* [Exercise]
The result should be the listing below restated word for word, with images left out.
═════ Recorded information
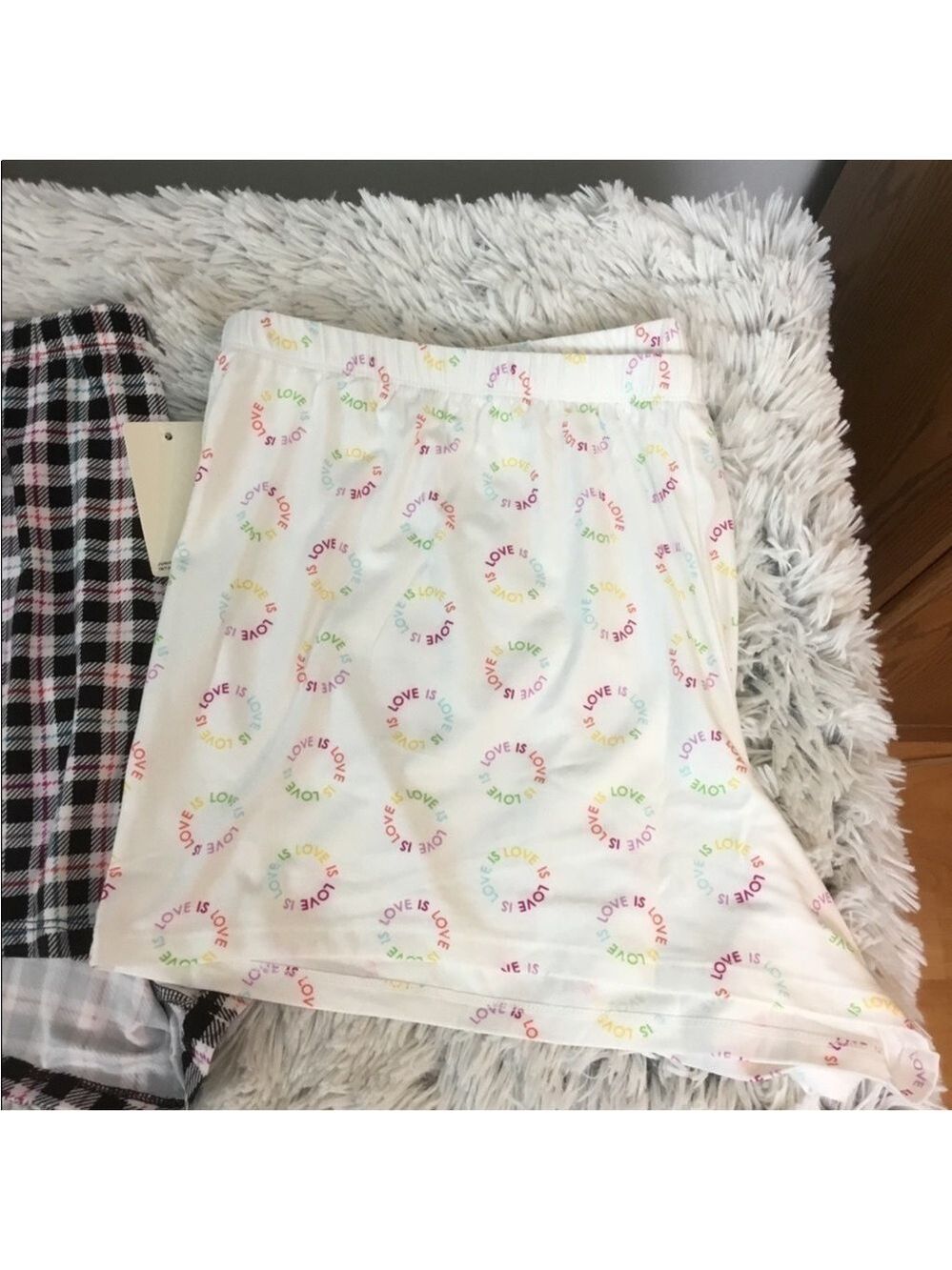 Kohl’s 2-Pack Sleep Shorts – Love Print & Plaid – Size 3X – Pajama Shorts - Picture 4 of 14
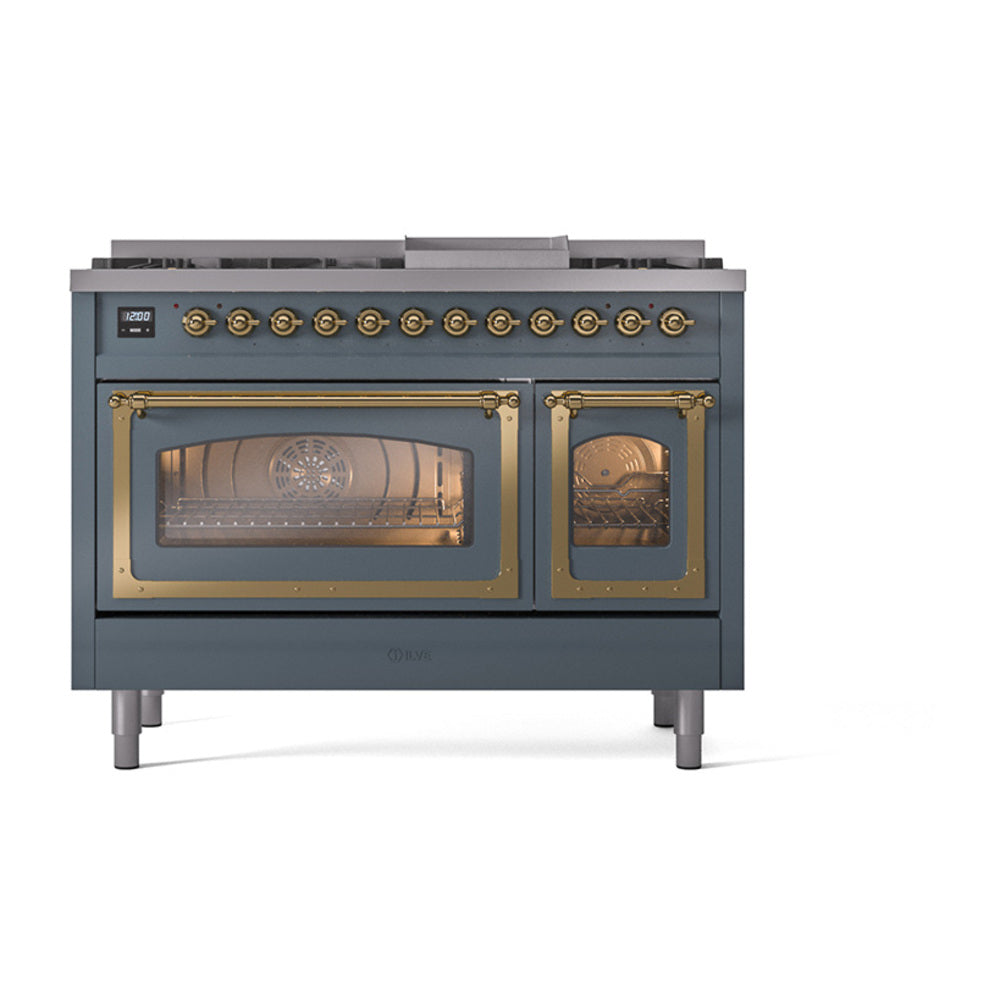 ILVE Nostalgie II Noblesse 48-Inch Freestanding Natural Gas Dual Fuel Range, Blue Grey with Brass Trim (UN48FNMPBGG)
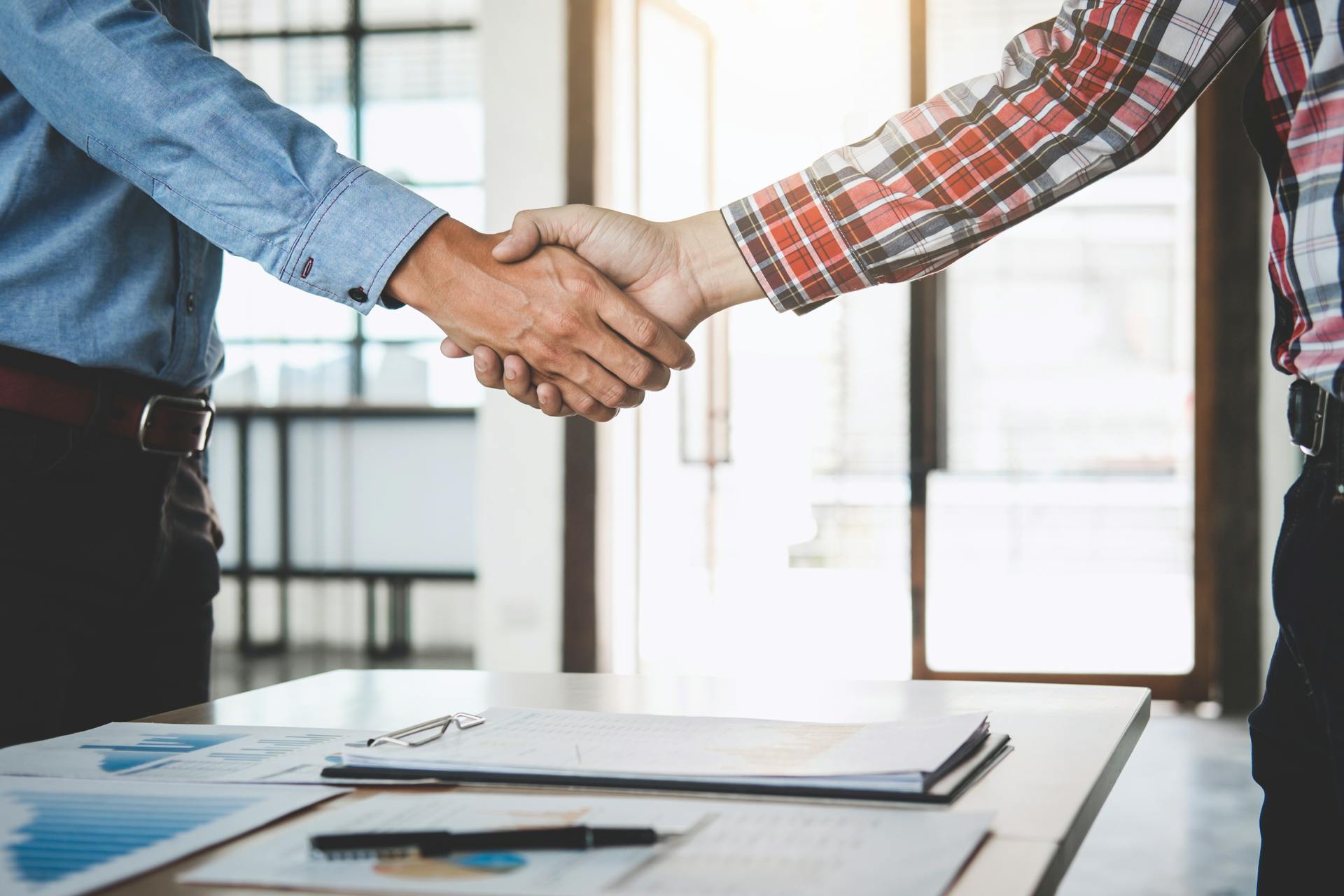 Business deal handshake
══════════
* [Expected answer]
 Kohl’s 2-Pack Sleep Shorts – Love Print & Plaid – Size 3X – Pajama Shorts - Picture 4 of 14
 ILVE Nostalgie II Noblesse 48-Inch Freestanding Natural Gas Dual Fuel Range, Blue Grey with Brass Trim (UN48FNMPBGG)
 Business deal handshake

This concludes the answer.